In a nutshell, the Blueprint advocates for definitions of highly effective teachers and principals, “college and career ready” standards, and will create three new tiers of schools. In addition, it will measure student status and year-to-year growth. Interestingly, it supports the “expansion of high performing public charter schools,” although I’m not sure what that means considering so many charter schools have no evidence of educating their students any better than public schools. If the federal government wants to replicate those few isolated charters that seem to have made a difference, tell me why more money can’t be invested in low performing, underfunded public schools to achieve the same results? Where will the funding come from to fill the budget cuts that currently face states like Ohio, where newly elected governors have increased salaries for their staff, but are hell bent on shortchanging children with huge budget cuts to public education?

Some like Howard Adelman and Linda Taylor, of the School Mental Health Project at UCLA, don’t think the blueprint goes far enough, arguing that it doesn’t effectively address barriers to learning, especially for those students living in dire poverty, attending the lowest performing schools across the nation. They believe that this component needs to be expanded. I couldn’t agree more. This aspect should become the major component of NCLB. Obviously, successful schools are not going to benefit from NCLB no matter what the components are, but districts plagued with poverty, with high numbers of English language learners, where parents don’t or can’t help there children succeed, will benefit the most. The Blueprint does little to change the status quo or help those districts plagued by financial problems like districts in Cleveland, Columbus and Cincinnati. When states fail to provide adequate means to educate their poor students, districts, still, will have nowhere to turn for help. The worst schools in America should be the priority of this administration.
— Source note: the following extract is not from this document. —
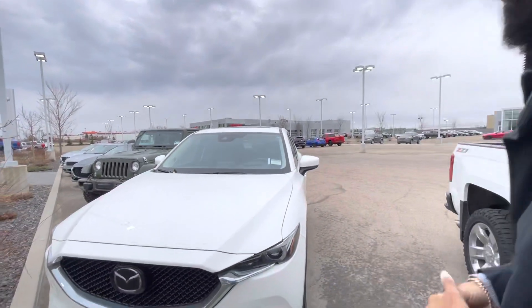Hey there, Theron. It's Jazz here from L.A. Mazda. I wanted to make you a quick video just to put a face with a name, so you know you're not dealing with a stranger over the phone. Check this out.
Much time has been wasted in Washington last year given the full legislative agenda and mid-term elections. As we wait for the ridiculous attempt of the house Republicans to repeal the new health care law, time continues to tick, states face huge deficits, and school funding is in crisis especially for those schools in Ohio who can’t pass school levies.  Sadly, passage of the ESEA Reauthorization will probably be no less rancorous than the health care debate, as this legislation will establish new domestic policy, and some of the old issues such as school prayer, home schooling, or the teaching of evolution will probably creep into the debate. Meanwhile, teachers will be laid off at the end of the school year, and many high school seniors will not graduate in 2011, as legislators continue to play games in Washington.